Assim que meu suposto marido ocupou seu lugar ao meu lado fechando a porta o motorista ocupou o seu lugar também.

De relance o vejo passar as mãos pelos cabelos e afrouxar a gravata borboleta soltando um pesado suspiro.

-Pode seguir para o meu apartamento Luigi. -Ordenou ao motorista que logo acelerou.

Não trocamos meia dúzia de palavras na festa e depois disso o silencio caiu sobre nós, o Voyaller ao meu lado permanece imparcial e quieto e faço mesmo voltando minha atenção para o vidro escuro do carro.

O espaço fechado e abafado começa a me deixar inquieta e mesmo tendo o ar-condicionado ligado sinto-me sufocada e desesperada.

Odeio lugares fechados.

Tento desviar os pensamentos.

Odeio com todas as minhas forças lugares fechados.

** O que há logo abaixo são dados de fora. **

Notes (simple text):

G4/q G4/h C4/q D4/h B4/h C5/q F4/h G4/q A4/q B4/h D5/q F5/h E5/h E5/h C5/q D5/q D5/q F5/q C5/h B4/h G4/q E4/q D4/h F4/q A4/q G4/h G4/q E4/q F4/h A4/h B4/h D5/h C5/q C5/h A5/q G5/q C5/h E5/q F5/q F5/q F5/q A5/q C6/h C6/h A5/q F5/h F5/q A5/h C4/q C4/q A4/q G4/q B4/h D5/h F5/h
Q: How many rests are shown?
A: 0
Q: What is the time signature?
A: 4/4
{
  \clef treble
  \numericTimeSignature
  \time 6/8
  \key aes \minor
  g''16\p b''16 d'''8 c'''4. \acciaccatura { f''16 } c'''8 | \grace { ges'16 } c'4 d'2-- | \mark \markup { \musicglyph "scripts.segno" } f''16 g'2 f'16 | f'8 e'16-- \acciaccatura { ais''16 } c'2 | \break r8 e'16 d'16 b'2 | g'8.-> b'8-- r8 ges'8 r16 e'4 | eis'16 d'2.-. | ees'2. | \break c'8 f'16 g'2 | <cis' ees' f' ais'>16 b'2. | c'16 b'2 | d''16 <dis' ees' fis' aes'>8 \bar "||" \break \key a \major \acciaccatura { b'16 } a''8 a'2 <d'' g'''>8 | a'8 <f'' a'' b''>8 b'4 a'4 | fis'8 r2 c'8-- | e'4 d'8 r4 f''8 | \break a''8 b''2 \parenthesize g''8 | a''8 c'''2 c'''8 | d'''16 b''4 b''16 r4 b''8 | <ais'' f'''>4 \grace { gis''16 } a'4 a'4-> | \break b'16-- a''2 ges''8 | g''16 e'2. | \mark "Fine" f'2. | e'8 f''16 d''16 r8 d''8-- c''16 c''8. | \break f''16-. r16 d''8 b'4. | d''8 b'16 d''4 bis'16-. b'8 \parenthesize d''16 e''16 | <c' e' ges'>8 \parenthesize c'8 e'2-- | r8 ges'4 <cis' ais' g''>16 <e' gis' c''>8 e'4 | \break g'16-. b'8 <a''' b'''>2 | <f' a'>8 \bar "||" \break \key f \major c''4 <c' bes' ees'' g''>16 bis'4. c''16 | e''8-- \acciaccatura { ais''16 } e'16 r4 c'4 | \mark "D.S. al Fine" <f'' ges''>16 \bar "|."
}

Aqueles pensamentos começam a assustar e quando vejo os olhos de Jack estão sobre mim analisando minha falta de sossego ao seu lado.

-Por favor poderia abrir os vidros, só um pouco, não gosto de lugares fechados. -Não escondo o desespero em minha voz.

Suas sobrancelhas se arqueiam e ele fecha os olhos soltando o ar com calma.

-Abra os vidros traseiros Luigi. -Ordena voltando sua atenção para a janela.

-Obrigada! -Agradeço por educação e encosto minha cabeça no banco de couro que cheirava a novo, sentindo o vento da noite bater contra meu rosto e os pesado cílios artificiais.

Uma paz preenche meu peito e seguimos em silêncio por todo o caminho, pois acredito que nem ele saiba o que dizer diante da nossa constrangedora situação.